Hoje, mais de três anos do início da invasão, a
guerra na Ucrânia já se tornou uma cicatriz profunda no solo e na alma do país.
Cidades inteiras permanecem arrasadas pelos bombardeios e ataques sistemáticos
— e mesmo Kiev, embora resistisse bravamente, continua vivendo sob a sombra de
tanques, sirenes e incertezas. Babi Yar — lembrança eterna do horror nazista e
soviético — permanece como um símbolo sombrio do abismo no qual a humanidade
pode cair, corroendo a esperança de uma paz definitiva. Enquanto o mundo debate
sanções, envio de armas e acordos diplomáticos, colunas blindadas russas mantêm
sua ameaça, avançando nas regiões do Donbass e da Crimeia, e milhões de
ucranianos continuam refugiados na Moldávia, Polônia e Romênia — vítimas não
apenas de uma guerra territorial, mas de uma tentativa de apagar um povo e sua
dignidade.
Paz sim, mas paz justa
Como maçons, buscamos a paz universal, mas
jamais à custa da honra ou da liberdade. Uma paz que legitime a tirania não é
paz — é submissão. Se Putin vencer na Ucrânia, sua ofensiva não terminará ali:
avançará sobre as repúblicas bálticas, inspirará a China a atacar Taiwan e dará
força a autocracias de todo o mundo.
Putin não é um Hitler descontrolado. É um
estrategista frio, formado pela KGB, profundo conhecedor das fragilidades
democráticas. Sabe que uma guerra nuclear significaria sua própria destruição;
por isso, suas ameaças são, em grande parte, blefes calculados. O que o
sustenta é a hesitação moral do Ocidente.
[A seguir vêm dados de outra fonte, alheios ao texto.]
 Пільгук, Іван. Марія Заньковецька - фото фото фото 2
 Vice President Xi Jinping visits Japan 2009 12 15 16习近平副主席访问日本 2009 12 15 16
Numa Europa fragilizada, restam-nos duas armas
poderosas: a cultura e a liberdade de pensamento. Sêneca nos lembra: Qui
timetur, timet — quem é temido, teme. O tirano vive atormentado pelo medo
que ele próprio gera.
A
difícil arte de negociar a paz
Trabalhar pela paz é um dever moral, mas essa
paz deve ser honrosa e fundada na justiça. A Itália, por sua aliança com a
Alemanha nazista, pagou caro após 1946, cedendo territórios a países vizinhos.
De modo semelhante, os ucranianos talvez tenham de negociar regiões de maioria
russófona. Mas isso não anula seu direito absoluto de existir como nação livre,
independente e soberana.
A Ucrânia não é, como Metternich disse da
Itália, “uma simples expressão geográfica”. É um país com história,
identidade e vontade própria. Como advertiu Políbio, a paz é algo belo e
desejável — mas uma paz nascida da covardia e da desonra é vergonhosa e
inevitavelmente gerará novos conflitos.
A
responsabilidade maçônica no presente
Para nós, maçons, rejeitar a guerra como
ferramenta política é parte de nossos princípios. Entretanto, quando valores
universais — os Direitos Humanos, a liberdade de consciência, a democracia —
são atacados, estamos moralmente obrigados a defendê-los, custe o que custar.
Nesse espírito, a iniciativa da maçonaria de
alguns países europeus de prestar ajuda econômica ao povo ucraniano representa
não apenas solidariedade, mas um ato simbólico de resistência ao autoritarismo.
Hoje, é assim que podemos auxiliar nossos irmãos ucranianos. Que Deus permita
que amanhã não sejamos chamados a sacrifícios ainda maiores.
Entre
a guerra e a humanidade
John F. Kennedy proclamou na ONU uma verdade
eterna:
“A humanidade deve pôr
fim à guerra, ou a guerra porá fim à humanidade.”
Que Putin não ignore esse alerta — não por si,
nem pelos Estados Unidos, mas pelo destino de todo o mundo civilizado.
Queremos paz, sim. Mas não uma paz que, como
escreveu Spengler em A Decadência do Ocidente, seja apenas a continuação da
guerra por outros meios. Queremos a paz verdadeira — aquela que nasce da
coragem, da justiça e da defesa inabalável da liberdade.